An aqueous solution of glucose is made by dissolving 10g of glucose in 90g water at 303 K. if the V.P.of pure water at 303 K be 32.8mmHg, what would be VP of the solution?

Answer 1

sorry for bad pic...............

Answer 2

To determine the required answer, we would require the following information:

Molar mass of Glucose $\left(\mathrm{C}_{6} \mathrm{H}_{12} \mathrm{O}_{6}\right)=180 \mathrm{gm} / \mathrm{mol}$

Molar mass of Water $\left(\mathrm{H}_{2} \mathrm{O}\right)=18 \mathrm{gm} / \mathrm{mol}$

Therefore, the number of moles of sugar in the given quantity  

$\begin{array}{l}{=\frac{\text {Given mass}}{\text {molarmass}}=\frac{10}{180} \mathrm{mole}} \\ {=0.05 \mathrm{mole}}\end{array}$

Moles of Water present in given quantity $=\frac{90}{18}\ \mathrm{mole}$

= 5 mole

Now we need to determine the mole fraction of resulting solution  

= moles of water present / total number of moles present in solution (water + glucose)  

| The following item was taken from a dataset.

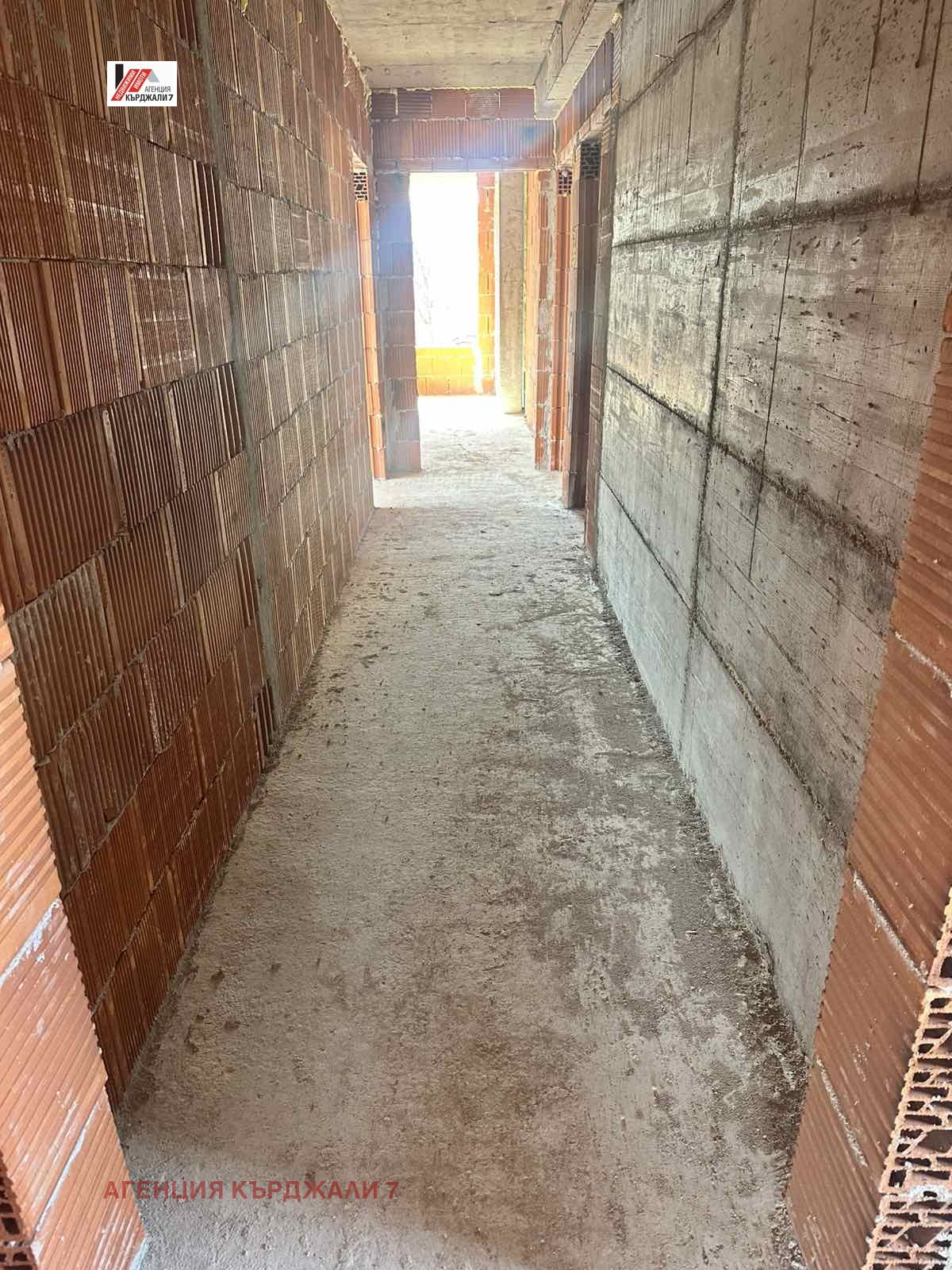 Продава 3-СТАЕН, гр. Кърджали, Студен кладенец, снимка 10 - Апартаменти - 53813047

$\begin{aligned} &=\frac{5}{(5+0.5)} \\ &=\frac{5}{5.05} \\ &=0.99 \end{aligned}$

Next we have to determine the vapour pressure of the resultant solution as follows:

Where V.P means Vapour Pressure.

$\begin{array}{l}{\text { V.P of solution }=\text { Mole fraction solvent (water) } \times \text { Pure Vapour Pressure of solvent }} \\ {\text { (water) }}\end{array}$

$\begin{aligned} \mathrm{VP} \text { of solution } &=(0.99 \times 32.8) \mathrm{mm} . \text { of } \mathrm{Hg} \text { . } \\ &=32.47 \mathrm{mm} . \text { of } \mathrm{Hg} \end{aligned}$